◆ **What you should do**
Return all lines of the records that contain the word "holding".
Supplied data section start
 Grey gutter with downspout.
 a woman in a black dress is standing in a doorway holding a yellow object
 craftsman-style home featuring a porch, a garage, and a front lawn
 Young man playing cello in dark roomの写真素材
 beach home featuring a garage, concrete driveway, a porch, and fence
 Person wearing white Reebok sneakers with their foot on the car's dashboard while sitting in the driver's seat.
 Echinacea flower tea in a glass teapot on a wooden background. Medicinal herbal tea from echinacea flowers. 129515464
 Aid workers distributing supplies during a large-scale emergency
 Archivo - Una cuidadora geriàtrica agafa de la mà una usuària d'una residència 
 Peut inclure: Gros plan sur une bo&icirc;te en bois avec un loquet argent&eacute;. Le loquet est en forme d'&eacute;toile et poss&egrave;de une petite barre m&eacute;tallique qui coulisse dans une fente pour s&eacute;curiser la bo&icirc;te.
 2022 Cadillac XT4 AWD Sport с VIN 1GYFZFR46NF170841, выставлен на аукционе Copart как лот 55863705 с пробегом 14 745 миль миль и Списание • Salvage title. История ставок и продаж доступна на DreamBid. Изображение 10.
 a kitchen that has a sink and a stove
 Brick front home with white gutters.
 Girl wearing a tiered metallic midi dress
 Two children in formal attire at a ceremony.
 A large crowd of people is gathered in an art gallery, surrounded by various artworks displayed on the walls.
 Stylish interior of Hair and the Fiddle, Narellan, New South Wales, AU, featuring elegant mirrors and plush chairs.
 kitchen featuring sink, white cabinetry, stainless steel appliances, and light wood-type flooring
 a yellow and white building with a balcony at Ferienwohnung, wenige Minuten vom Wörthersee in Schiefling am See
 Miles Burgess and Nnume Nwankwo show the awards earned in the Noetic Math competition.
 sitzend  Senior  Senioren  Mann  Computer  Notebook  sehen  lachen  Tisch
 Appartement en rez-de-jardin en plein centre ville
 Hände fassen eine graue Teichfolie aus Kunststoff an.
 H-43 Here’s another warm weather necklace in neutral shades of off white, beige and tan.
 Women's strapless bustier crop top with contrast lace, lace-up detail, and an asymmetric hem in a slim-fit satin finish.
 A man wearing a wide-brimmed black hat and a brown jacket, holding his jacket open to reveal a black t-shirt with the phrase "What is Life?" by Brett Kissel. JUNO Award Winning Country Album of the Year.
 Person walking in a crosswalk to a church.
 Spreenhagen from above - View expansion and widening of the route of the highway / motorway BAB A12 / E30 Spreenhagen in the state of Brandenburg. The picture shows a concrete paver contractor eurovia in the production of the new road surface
Supplied data section end
◆ **Result of this exercise**
 a woman in a black dress is standing in a doorway holding a yellow object
 A man wearing a wide-brimmed black hat and a brown jacket, holding his jacket open to reveal a black t-shirt with the phrase "What is Life?" by Brett Kissel. JUNO Award Winning Country Album of the Year.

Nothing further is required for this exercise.